C’est qu’il n’y a que le physique de cette passion qui soit bon ; c’est que, malgré ce que peuvent dire les gens épris, le moral n’en vaut rien. Qu’est-ce en effet que le moral de l’amour ? la vanité : vanité dans le plaisir de la conquête, erreur qui vient de ce qu’on en fait trop de cas ; vanité dans le désir de la conserver exclusivement, état malheureux qu’accompagne toujours la jalousie, petite passion si basse qu’on voudrait la cacher ; vanité dans la manière d’en jouir, qui fait qu’on ne multiplie que ses gestes et ses efforts sans multiplier ses plaisirs ; vanité dans la façon même de la perdre, on veut rompre le premier : car si l’on est quitté, quelle humiliation ! et cette humiliation se tourne en désespoir lorsqu’on vient à reconnaître qu’on a été longtemps dupe et trompé.

Les animaux ne sont point sujets à toutes ces misères ; ils ne cherchent pas des plaisirs où il ne peut y en avoir : guidés par le sentiment seul, il ne se trompent jamais dans leurs choix, leurs désirs sont toujours proportionnés à la puissance de jouir, ils sentent autant qu’ils jouissent, et ne jouissent qu’autant qu’ils sentent ; l’homme au contraire, en voulant inventer des plaisirs, n’a fait que gâter la nature ; en voulant se forcer sur le sentiment, il ne fait qu’abuser de son être et creuser dans son cœur un vide que rien ensuite n’est capable de remplir.

Tout ce qu’il y a de bon dans l’amour appartient donc aux animaux tout aussi bien qu’à nous, et même, comme si ce sentiment ne pouvait jamais être pur, ils paraissent avoir une petite portion de ce qu’il y a de moins bon, je veux parler de la jalousie.
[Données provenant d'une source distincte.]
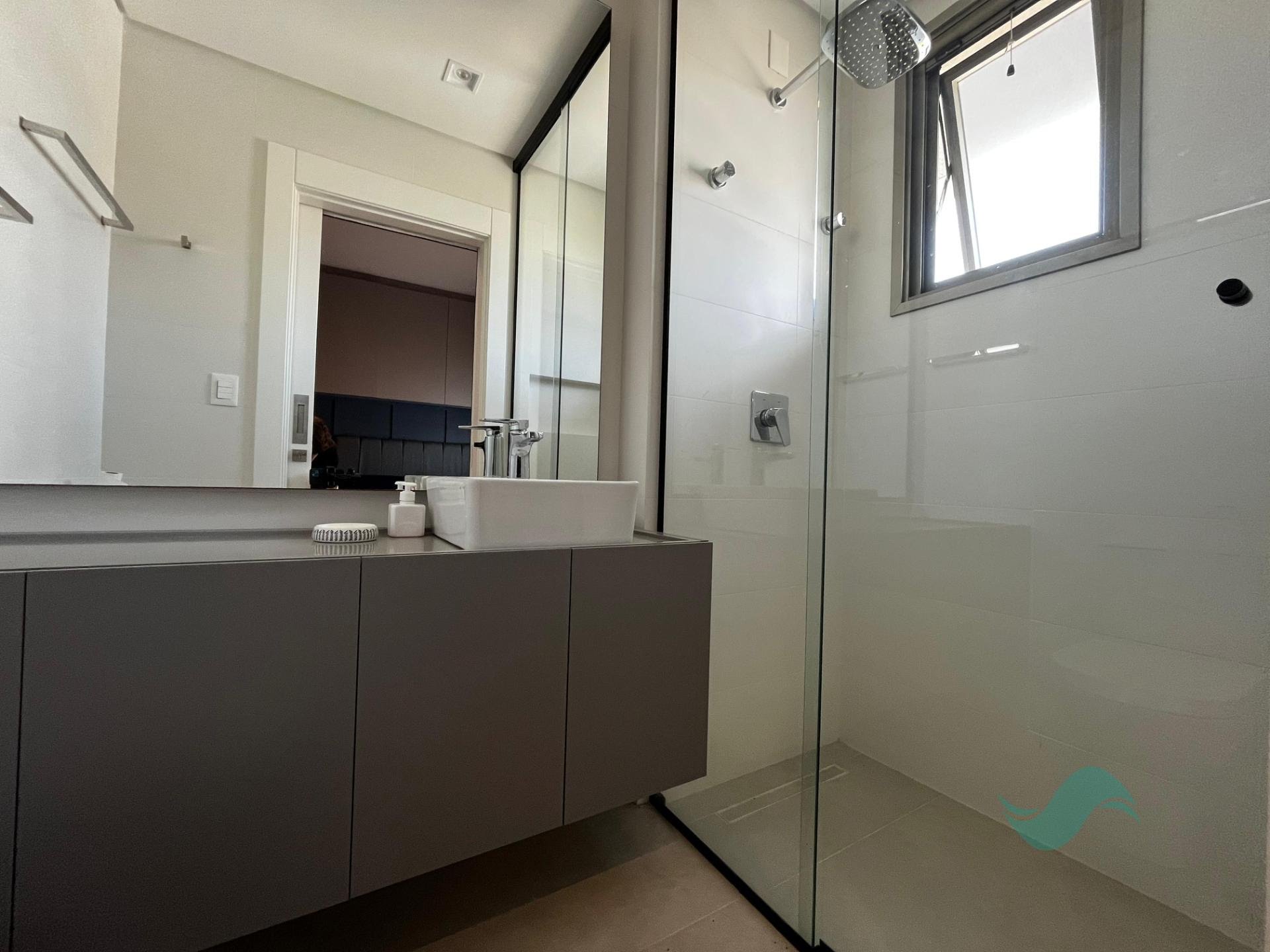 Apartamento à venda com 3 quartos, 3 suítes, 2 vagas e 124m² no Jurerê, Florianópolis (SC) — foto 12 de 23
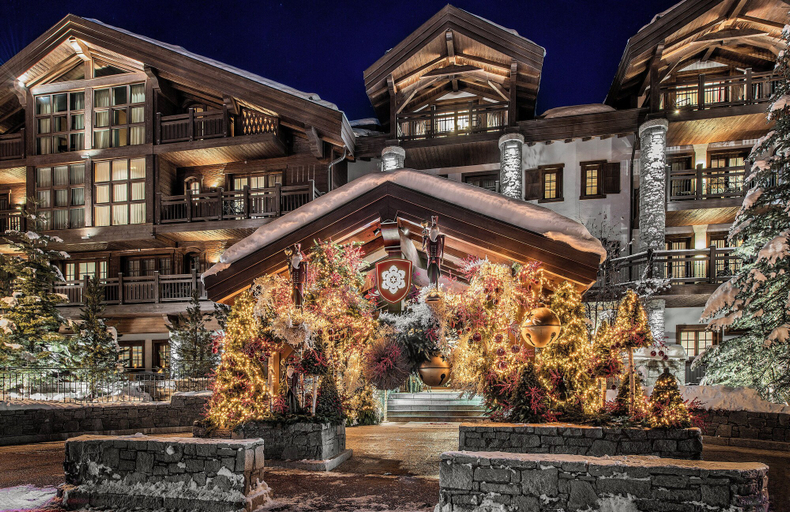 Exterior & Views
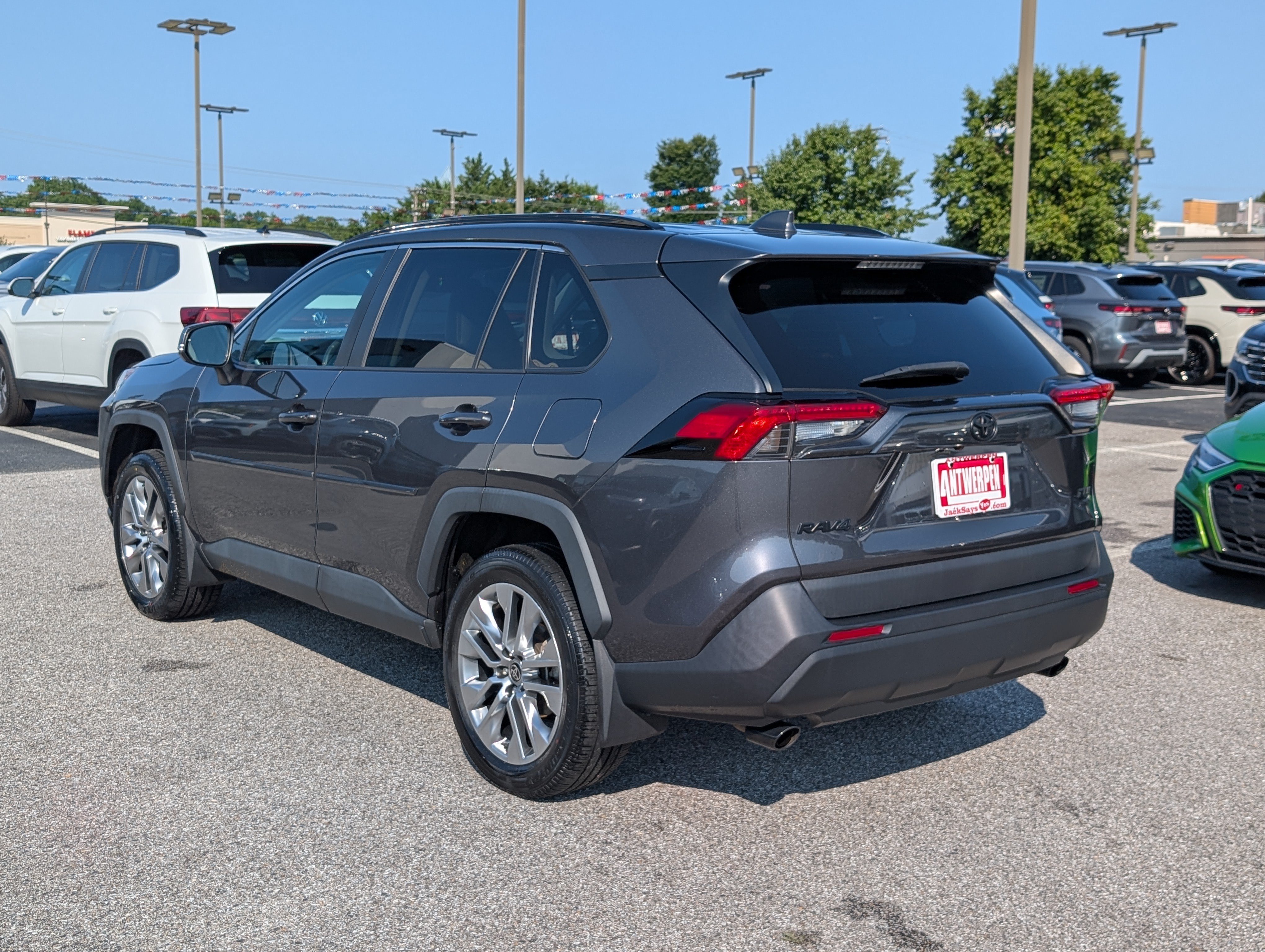 Used 2023 Toyota RAV4 XLE Premium AWD/4WD image 5
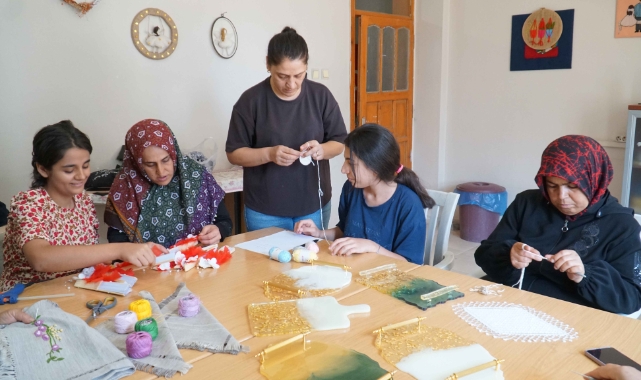 Haliliye’de kadınlar millet evlerinde meslek öğreniyor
Chez nous, cette passion suppose toujours quelque défiance de soi-même, quelque connaissance sourde de sa propre faiblesse ; les animaux au contraire semblent être d’autant plus jaloux qu’ils ont plus de force, plus d’ardeur et plus d’habitude au plaisir : c’est que notre jalousie dépend de nos idées, et la leur du sentiment ; ils ont joui, ils désirent de jouir encore, ils s’en sentent la force, ils écartent donc tous ceux qui veulent occuper leur place ; leur jalousie n’est point réfléchie, ils ne la

  1. L’usage que Buffon fait ici du mot « âme » est peut-être de nature à révéler aux esprits clairvoyants les préoccupations qui ont inspiré à Buffon tout ce chapitre.